Nothing outside the lines below from the one containing "Mailo (Henry)" through the one containing "-新安江山水画廊风景区" is to be printed; print those exactly, ends included, and drop the pictures.

(Caption-style text data)
-=-=-=-=-
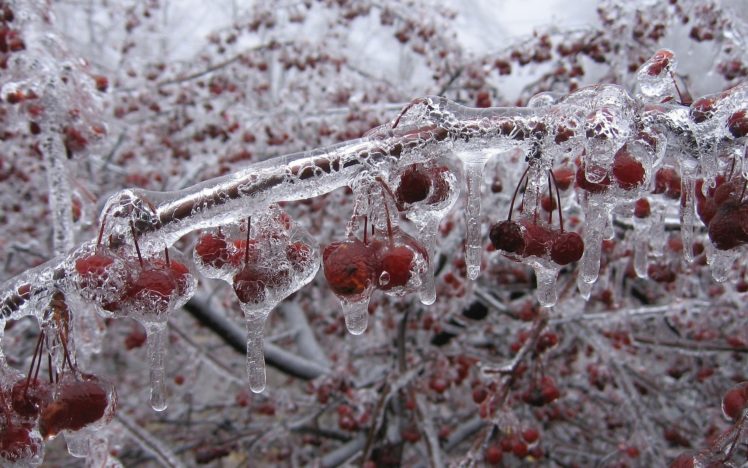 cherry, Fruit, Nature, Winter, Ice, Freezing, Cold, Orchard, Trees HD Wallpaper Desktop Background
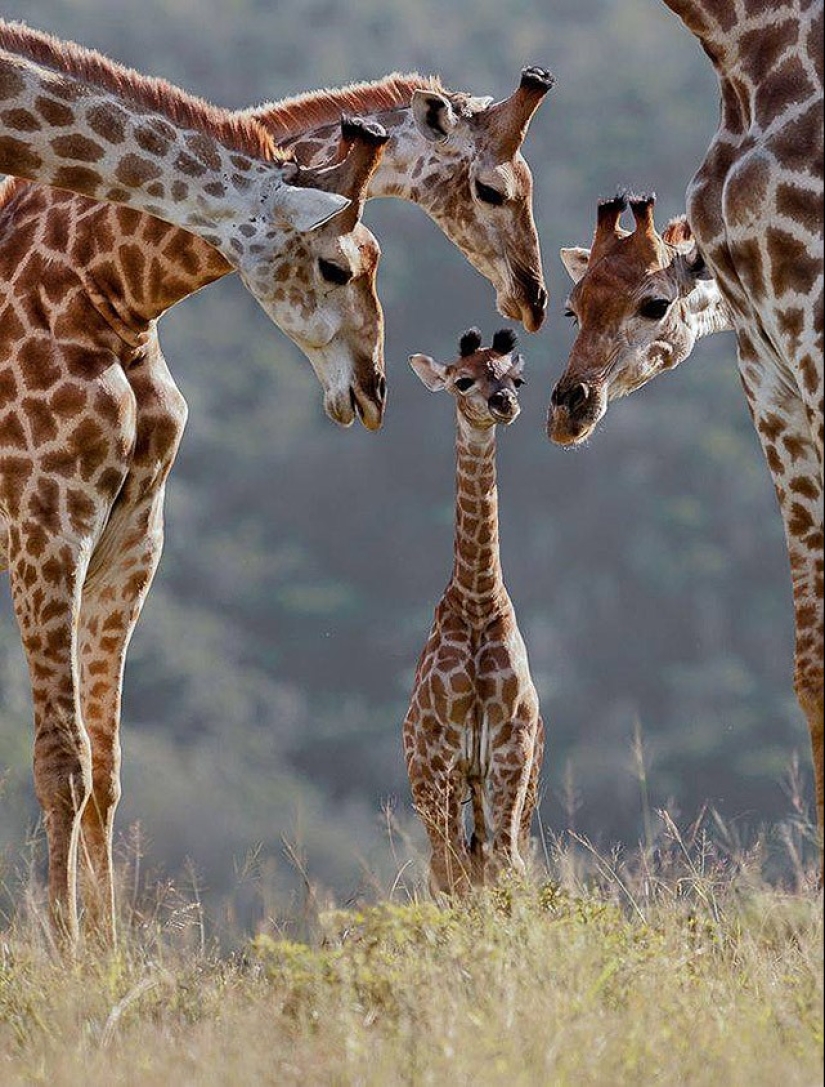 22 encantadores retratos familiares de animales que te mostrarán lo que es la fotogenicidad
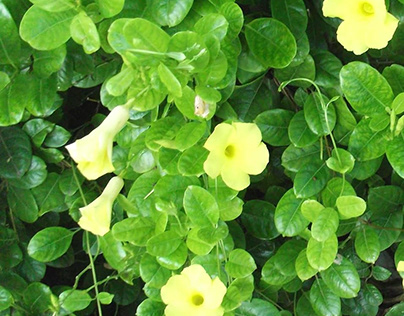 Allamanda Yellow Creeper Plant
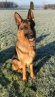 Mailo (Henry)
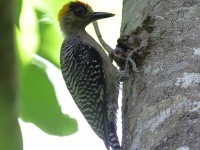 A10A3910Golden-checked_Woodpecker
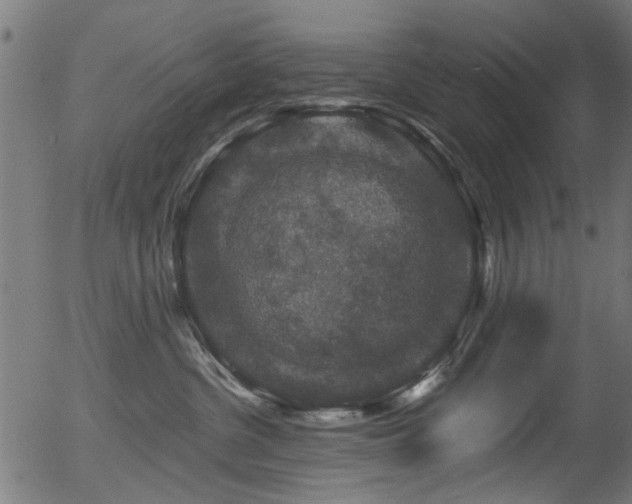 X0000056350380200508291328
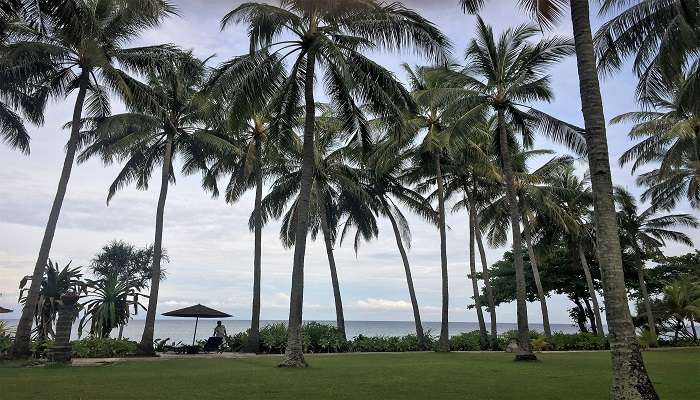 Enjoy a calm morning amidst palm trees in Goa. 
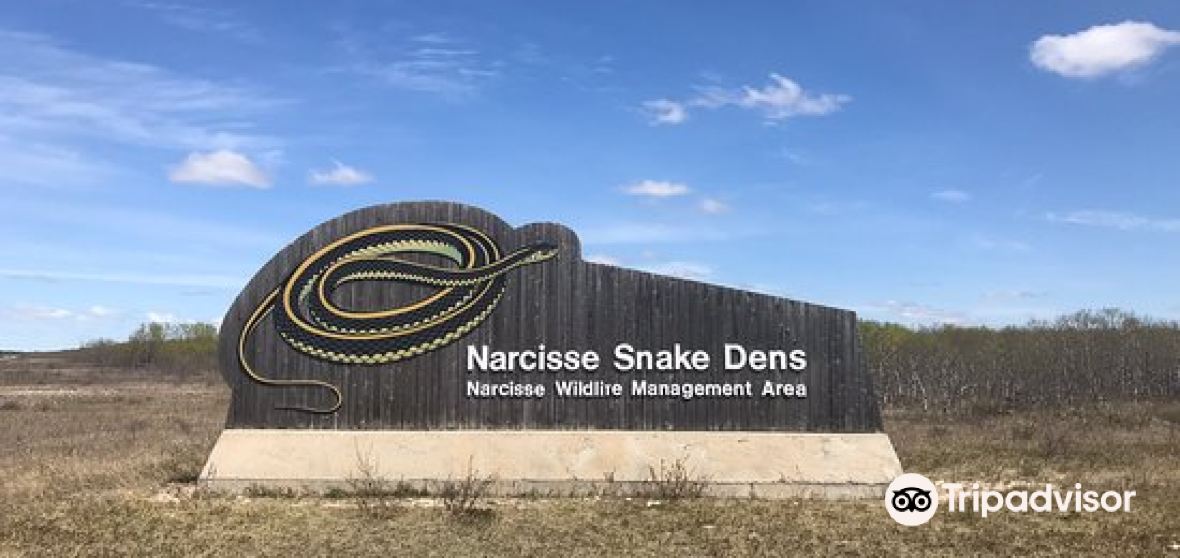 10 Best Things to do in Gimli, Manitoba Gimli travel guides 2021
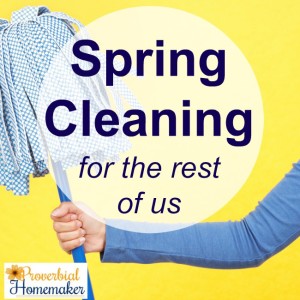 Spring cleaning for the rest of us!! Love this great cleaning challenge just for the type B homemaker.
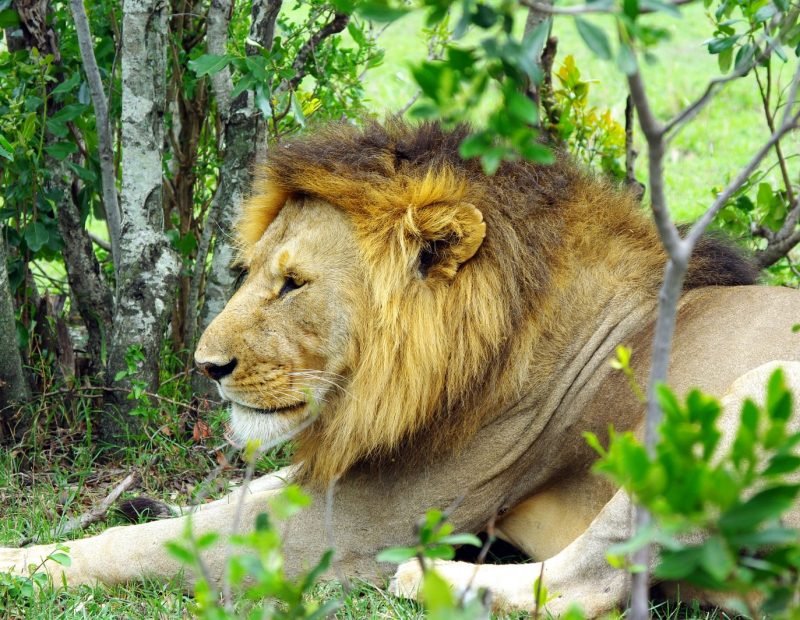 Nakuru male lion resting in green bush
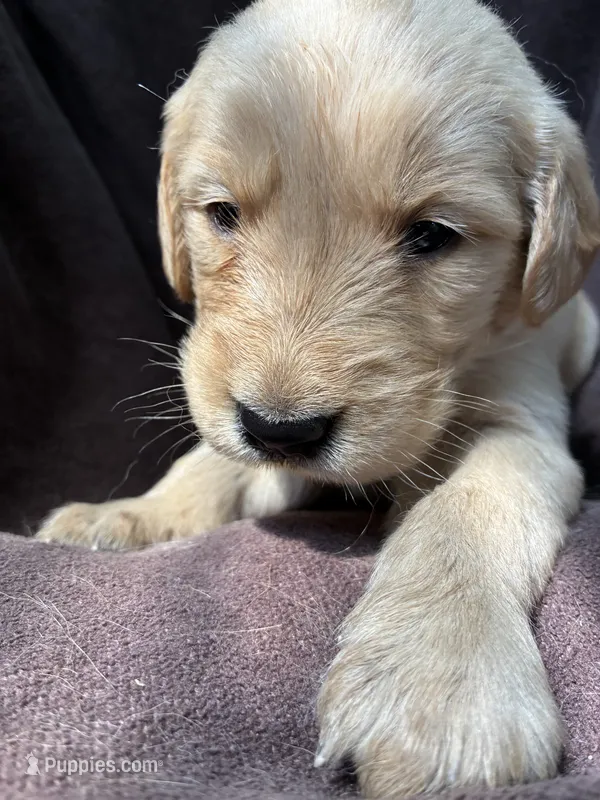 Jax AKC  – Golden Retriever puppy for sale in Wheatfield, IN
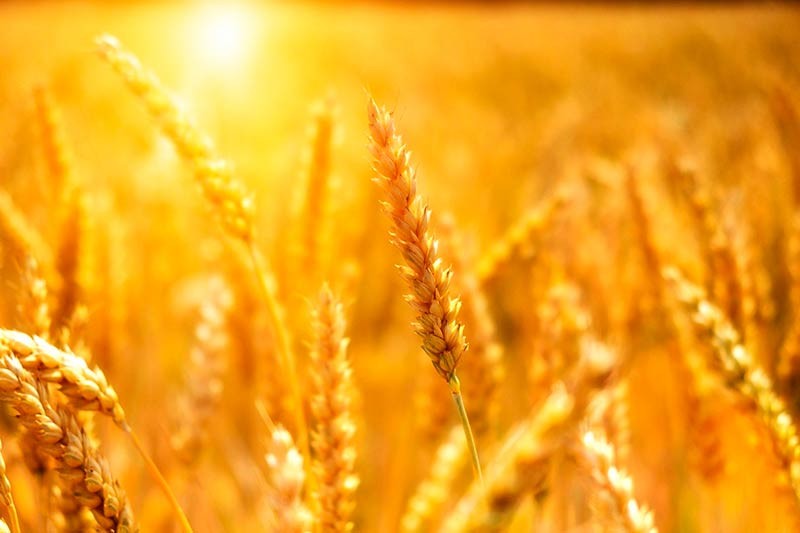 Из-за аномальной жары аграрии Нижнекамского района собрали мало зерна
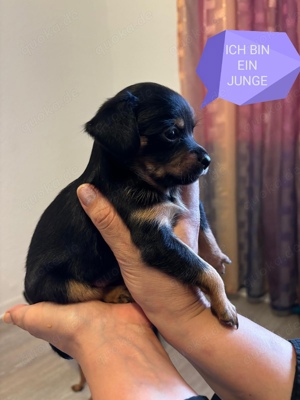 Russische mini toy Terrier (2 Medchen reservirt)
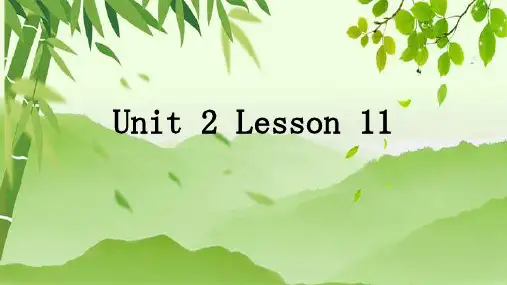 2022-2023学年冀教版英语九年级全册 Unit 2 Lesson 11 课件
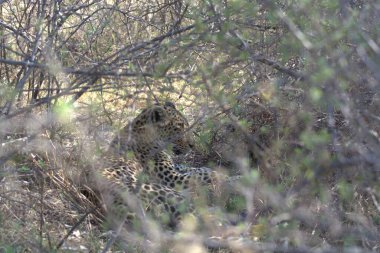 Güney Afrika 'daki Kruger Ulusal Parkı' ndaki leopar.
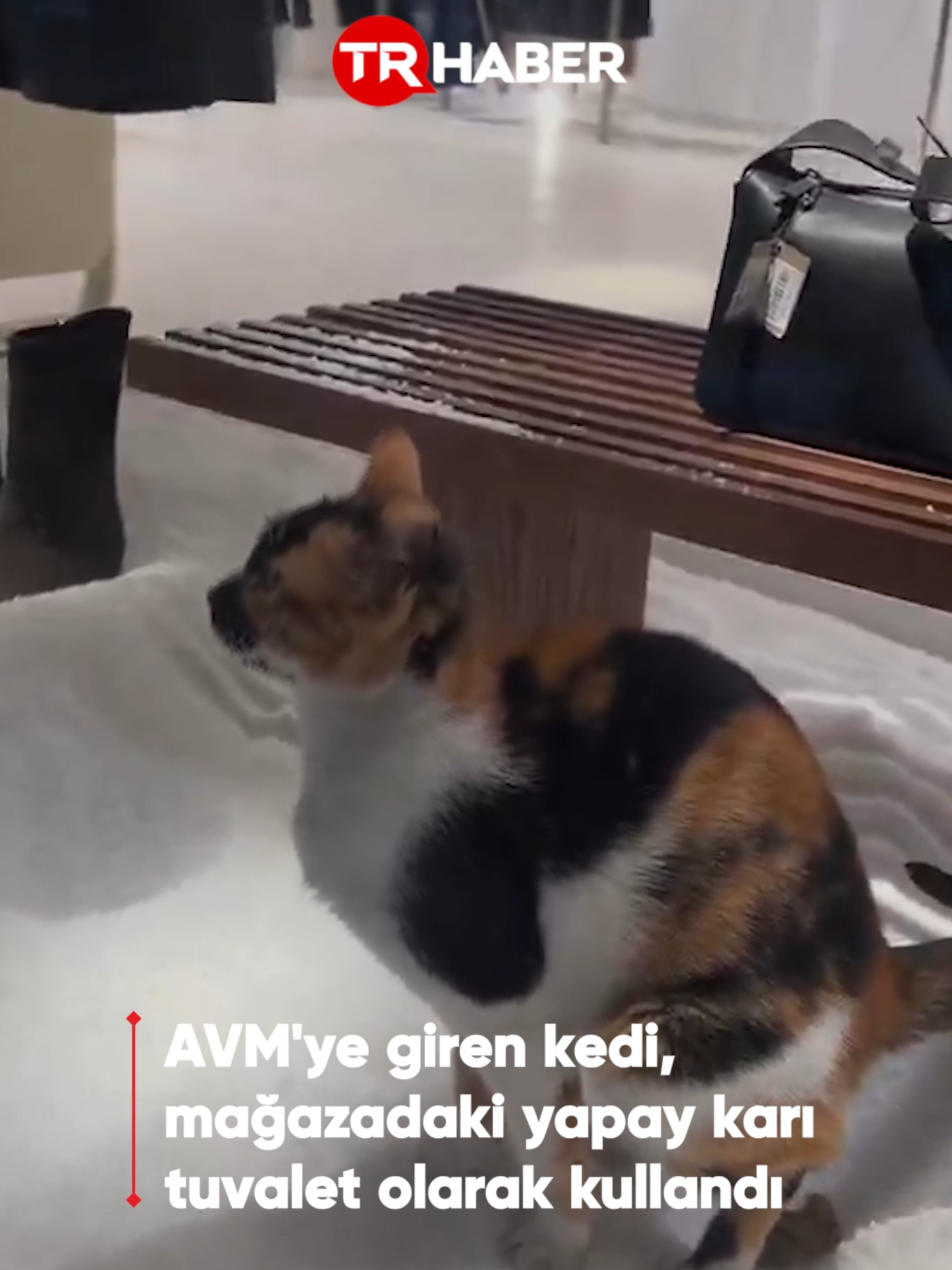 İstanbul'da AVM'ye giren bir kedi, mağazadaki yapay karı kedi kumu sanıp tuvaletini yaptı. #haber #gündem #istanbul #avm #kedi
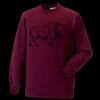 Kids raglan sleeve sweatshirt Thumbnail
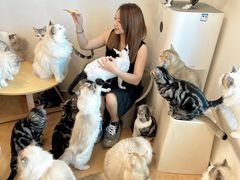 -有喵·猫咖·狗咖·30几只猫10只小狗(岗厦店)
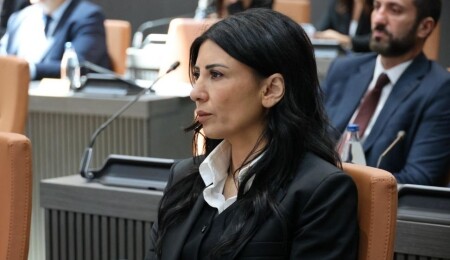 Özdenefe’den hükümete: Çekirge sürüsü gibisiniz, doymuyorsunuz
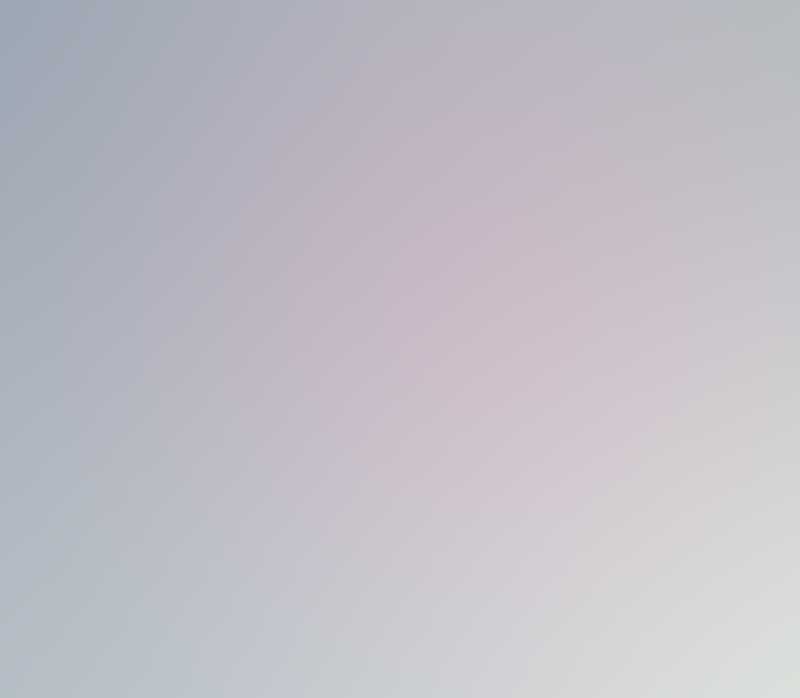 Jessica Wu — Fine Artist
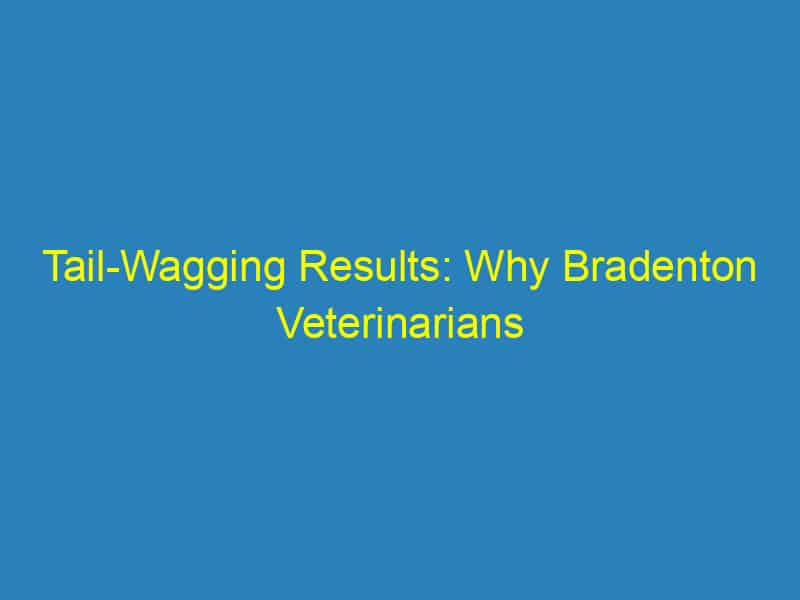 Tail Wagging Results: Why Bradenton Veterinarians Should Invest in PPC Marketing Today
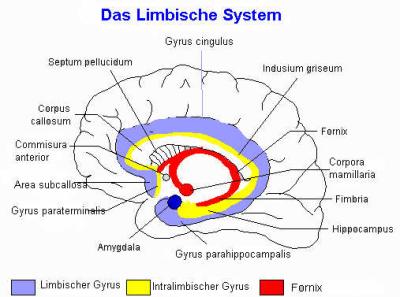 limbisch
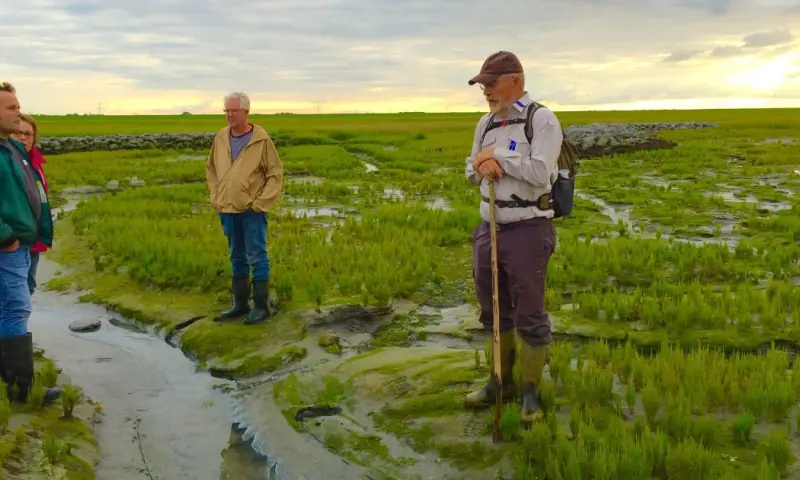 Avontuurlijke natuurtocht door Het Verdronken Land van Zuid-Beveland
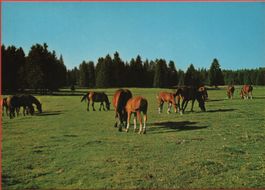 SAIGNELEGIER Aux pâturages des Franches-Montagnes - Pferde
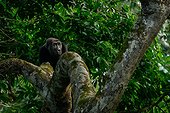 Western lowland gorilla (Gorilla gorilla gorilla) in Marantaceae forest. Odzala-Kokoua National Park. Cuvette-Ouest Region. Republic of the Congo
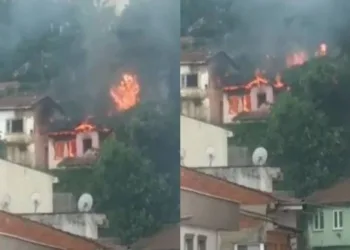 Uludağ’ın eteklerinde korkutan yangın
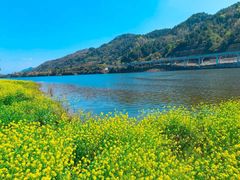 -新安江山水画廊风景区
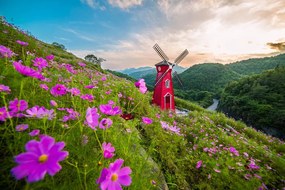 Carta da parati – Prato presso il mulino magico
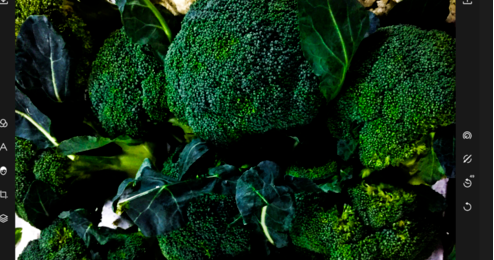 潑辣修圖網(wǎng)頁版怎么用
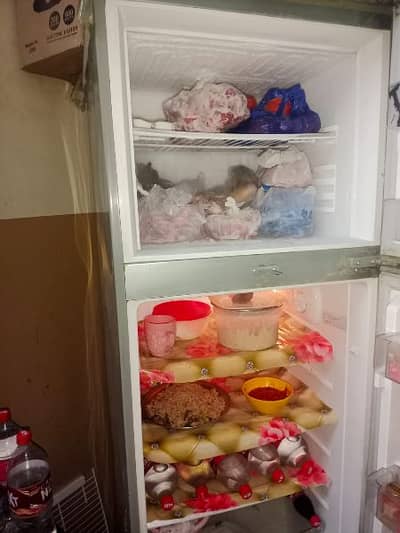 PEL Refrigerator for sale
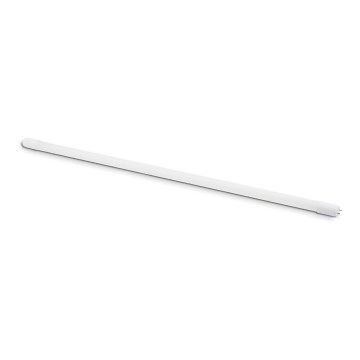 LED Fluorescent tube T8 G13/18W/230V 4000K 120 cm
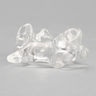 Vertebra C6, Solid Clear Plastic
-=-=-=-=-
The completed task:
 Mailo (Henry)
 A10A3910Golden-checked_Woodpecker
 X0000056350380200508291328
 Enjoy a calm morning amidst palm trees in Goa. 
 10 Best Things to do in Gimli, Manitoba Gimli travel guides 2021
 Spring cleaning for the rest of us!! Love this great cleaning challenge just for the type B homemaker.
 Nakuru male lion resting in green bush
 Jax AKC  – Golden Retriever puppy for sale in Wheatfield, IN
 Из-за аномальной жары аграрии Нижнекамского района собрали мало зерна
 Russische mini toy Terrier (2 Medchen reservirt)
 2022-2023学年冀教版英语九年级全册 Unit 2 Lesson 11 课件
 Güney Afrika 'daki Kruger Ulusal Parkı' ndaki leopar.
 İstanbul'da AVM'ye giren bir kedi, mağazadaki yapay karı kedi kumu sanıp tuvaletini yaptı. #haber #gündem #istanbul #avm #kedi
 Kids raglan sleeve sweatshirt Thumbnail
 -有喵·猫咖·狗咖·30几只猫10只小狗(岗厦店)
 Özdenefe’den hükümete: Çekirge sürüsü gibisiniz, doymuyorsunuz
 Jessica Wu — Fine Artist
 Tail Wagging Results: Why Bradenton Veterinarians Should Invest in PPC Marketing Today
 limbisch
 Avontuurlijke natuurtocht door Het Verdronken Land van Zuid-Beveland
 SAIGNELEGIER Aux pâturages des Franches-Montagnes - Pferde
 Western lowland gorilla (Gorilla gorilla gorilla) in Marantaceae forest. Odzala-Kokoua National Park. Cuvette-Ouest Region. Republic of the Congo
 Uludağ’ın eteklerinde korkutan yangın
 -新安江山水画廊风景区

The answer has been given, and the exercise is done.